RECORDS FOR THE TASK |
┌──

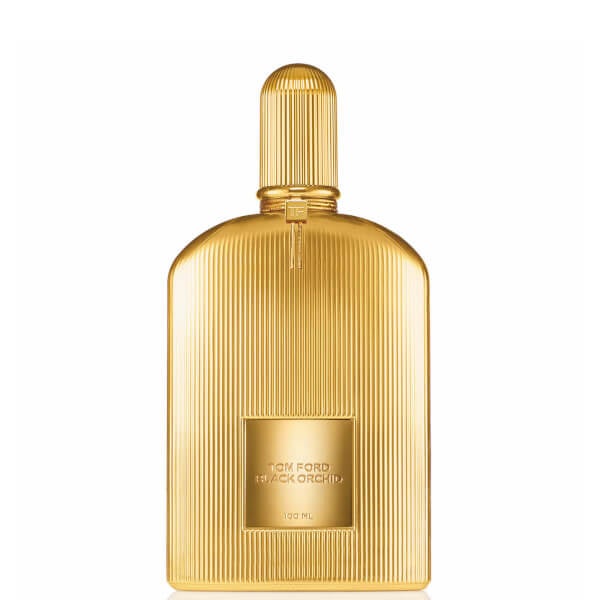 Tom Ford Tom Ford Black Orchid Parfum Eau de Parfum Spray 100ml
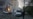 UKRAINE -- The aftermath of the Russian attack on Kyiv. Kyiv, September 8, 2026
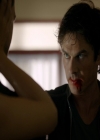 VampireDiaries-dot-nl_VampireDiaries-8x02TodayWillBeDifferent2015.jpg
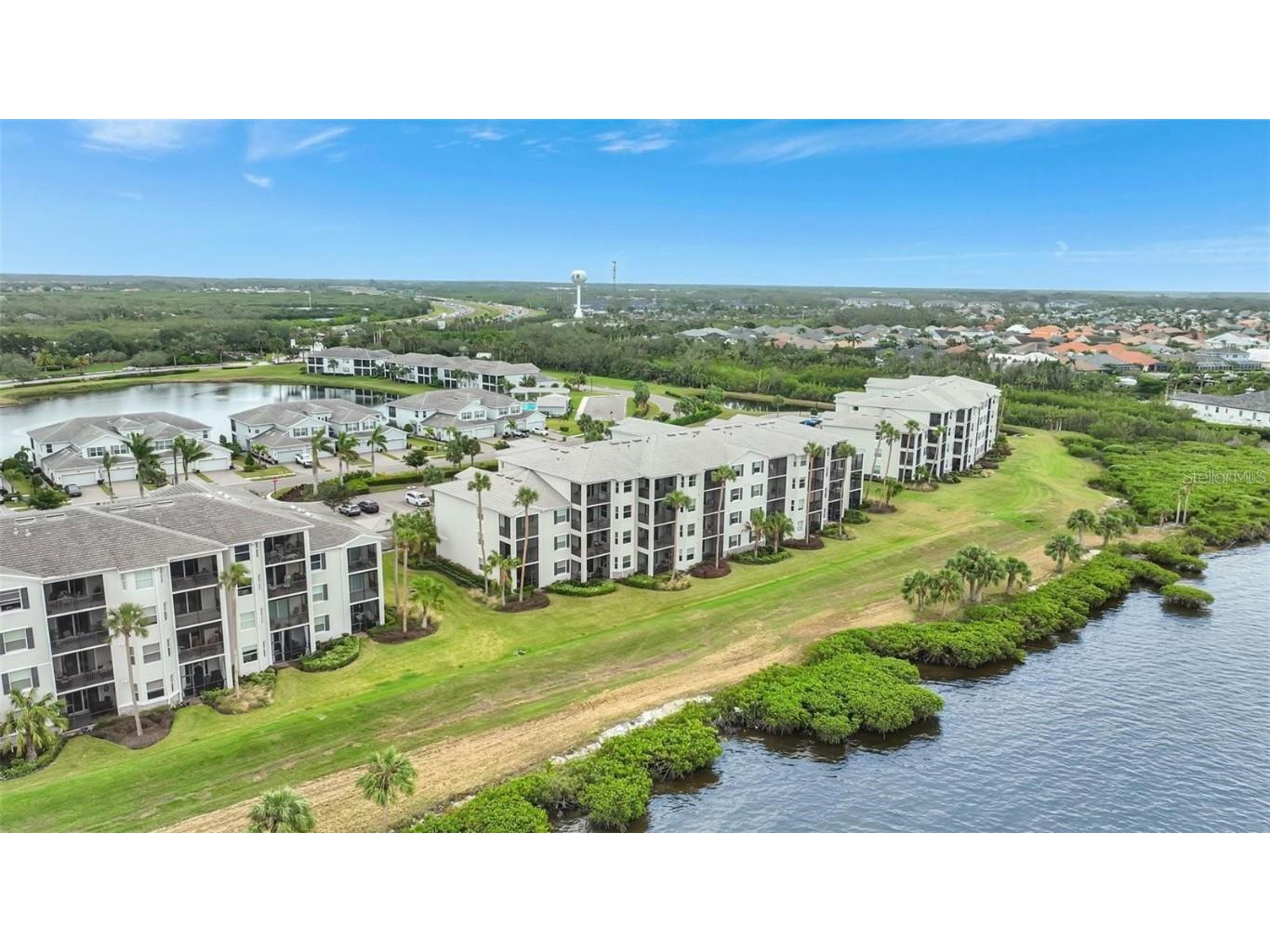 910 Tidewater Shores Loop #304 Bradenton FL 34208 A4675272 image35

└──
┌──

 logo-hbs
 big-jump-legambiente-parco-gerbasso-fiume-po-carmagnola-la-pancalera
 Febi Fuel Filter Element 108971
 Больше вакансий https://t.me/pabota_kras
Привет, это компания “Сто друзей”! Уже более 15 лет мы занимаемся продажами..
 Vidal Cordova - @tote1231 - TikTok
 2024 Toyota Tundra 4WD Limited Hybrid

└──

PROBLEM TO SOLVE | With the pictures removed, print only the lines starting at the line that has "Tom Ford Tom" and ending at the line that has "910 Tidewater Shores", both ends included, exactly as they stand above.

EXERCISE ANSWER |
 Tom Ford Tom Ford Black Orchid Parfum Eau de Parfum Spray 100ml
 UKRAINE -- The aftermath of the Russian attack on Kyiv. Kyiv, September 8, 2026
 VampireDiaries-dot-nl_VampireDiaries-8x02TodayWillBeDifferent2015.jpg
 910 Tidewater Shores Loop #304 Bradenton FL 34208 A4675272 image35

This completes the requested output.